Neutralization of a negative charge in the S1-S2 region of the KV7.2 (KCNQ2) channel affects voltage-dependent activation in neonatal epilepsy

Abstract

The voltage-gated potassium channels KV7.2 and KV7.3 (genes KCNQ2 and KCNQ3) constitute a major component of the M-current controlling the firing rate in many neurons. Mutations within these two channel subunits cause benign familial neonatal convulsions (BFNC). Here we identified a novel BFNC-causing mutation (E119G) in the S1-S2 region of KV7.2. Electrophysiological investigations in Xenopus oocytes using two-microelectrode voltage clamping revealed that the steady-state activation curves for E119G alone and its coexpressions with KV7.2 and/or KV7.3 wild-type (WT) channels were significantly shifted in the depolarizing direction compared to KV7.2 or KV7.2/KV7.3. These shifts reduced the relative current amplitudes for mutant channels particularly in the subthreshold range of an action potential (about 45% reduction at --50 mV for E119G compared to KV7.2, and 33% for E119G/KV7.3 compared to KV7.2/KV7.3 channels). Activation kinetics were significantly slowed for mutant channels. Our results indicate that small changes in channel gating at subthreshold voltages are sufficient to cause neonatal seizures and demonstrate the importance of the M-current for this voltage range. This was confirmed by a computer model predicting an increased burst duration for the mutation. On a molecular level, these results reveal a critical role in voltage sensing of the negatively charged E119 in S1-S2 of KV7.2, a region that-- according to molecular modelling - might interact with a positive charge in the S4 segment.

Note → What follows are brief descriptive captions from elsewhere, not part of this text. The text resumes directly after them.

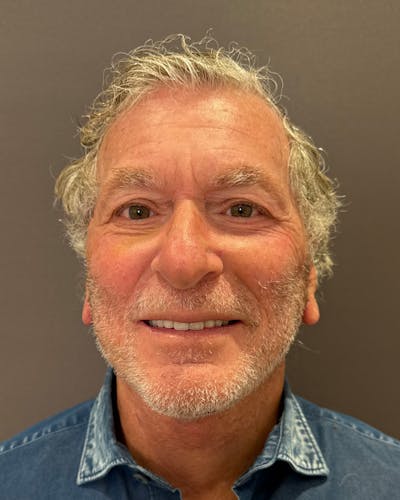 Facial Fat Transfer Before & After Gallery - Patient 244414 - Image 2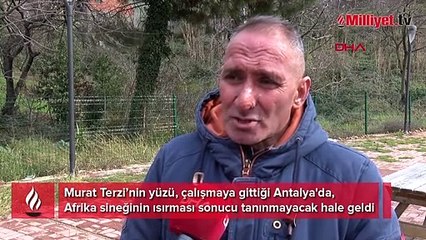 Sinek yüzünü tanınmayacak hale getirdi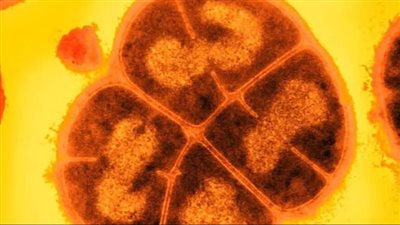 الميكروبات يمكن أن تعيش في المريخ لملايين السنين | أعرف التفاصيل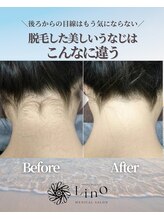 リノ沼津(Lino)/うなじ脱毛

Figure 1. Pedigree, BFNC-causing mutations within the K_V7.2 subunit and evolutionary conservation of E119

A, pedigree with clinical and genetic status. +/m: individuals carrying the A→G356 (E119G) mutation. Unaffected individuals are displayed with open symbols, affected ones with filled symbols. B, schematic view of a K_V7.2 subunit depicting all mutations that have been described so far as white symbols (Borgatti et al. 2004; Lerche et al. 2005). E119G is marked by a black symbol. C, E119 is located within the S1–S2 loop of K_V7.2 and is conserved in the orthologous K_V7.2 protein of human, mouse and rat. Analogous amino acids are marked in bold. GenBank accession numbers from top are: AY889405, AF490773, AF087453, AF071491, AY114213, AF105216, AF249278.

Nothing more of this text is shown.